Private equity professionals value the carried interest because it allows them to be compensated for their services at long-term capital gains rates. This article provides an update on the status of IRC § 1061 and discusses methods for avoiding its application.
Congress enacted IRC § 1061 during 2017.
Reports indicate that during negotiation of the 2017 Tax Cuts and Jobs Act, White House economic advisor Gary Cohn campaigned to end the benefit of carried interests by taxing all income from carried interests as ordinary income, while Treasury Secretary Steven Mnuchin urged keeping the prior tax treatment with new limits. Mnuchin prevailed with the enactment of IRC § 1061.
How IRC § 1061 works.
IRC § 1061 generally increases the holding period required for long-term capital gains treatment for the carried interests held by PE professionals from more than one year to more than three years. This article identifies some of the planning ideas available for dealing with Section 1061’s three year holding period requirement. Additional planning ideas are discussed in an article found on the Frost Brown Todd website.

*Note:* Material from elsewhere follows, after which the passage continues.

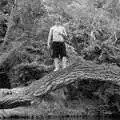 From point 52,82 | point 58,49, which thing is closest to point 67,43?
point 58,49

IRC § 1061 doesn’t apply to a partnership interest issued in exchange for the contribution of capital or property.
IRC § 1061(c)(4)(B) provides an exception to the three-year holding period rule for any interest that provides the right to share in partnership capital commensurate with the capital contributed to the partnership by the partner. The holder of a carried interest subject to IRC § 1061 might also hold a capital interest not subject to the reach of that statute. One planning basic should be to clearly keep the carried interest distinct from the capital interest for tax reporting purposes. Possible planning ideas include having the partnership distribute or loan funds to the service provider, who in turn then contributes those funds back to the partnership in exchange for the issuance of a capital interest. The parties would need to carefully consider whether any transaction as structured would be respected for tax purposes.
Planning idea – consider issuing equity compensation in a corporation.
Bonus and equity compensation, including options and stock grants, by a C corporation do not fall within the scope of IRC § 1202. Given the reduction in the corporate tax rate from 35% to 21% and the potential availability of the tax benefits of IRC § 1202, many business owners and investors are considering the benefits of operating through a C corporation.
Planning idea – structure the economics to defer the triggering of taxes for the carried interest until the holder achieves the three-year holding period milestone.
This strategy involves either the voluntary or mandatory deferral of allocation of profits during the initial three-year holding period for the carried interest. Once the three-year holding period is achieved, there can be make-up allocations and distributions to the carried interest holder. There are various technical issues and risks associated with using this planning idea that need to be carefully addressed by tax professions before this plan is implemented.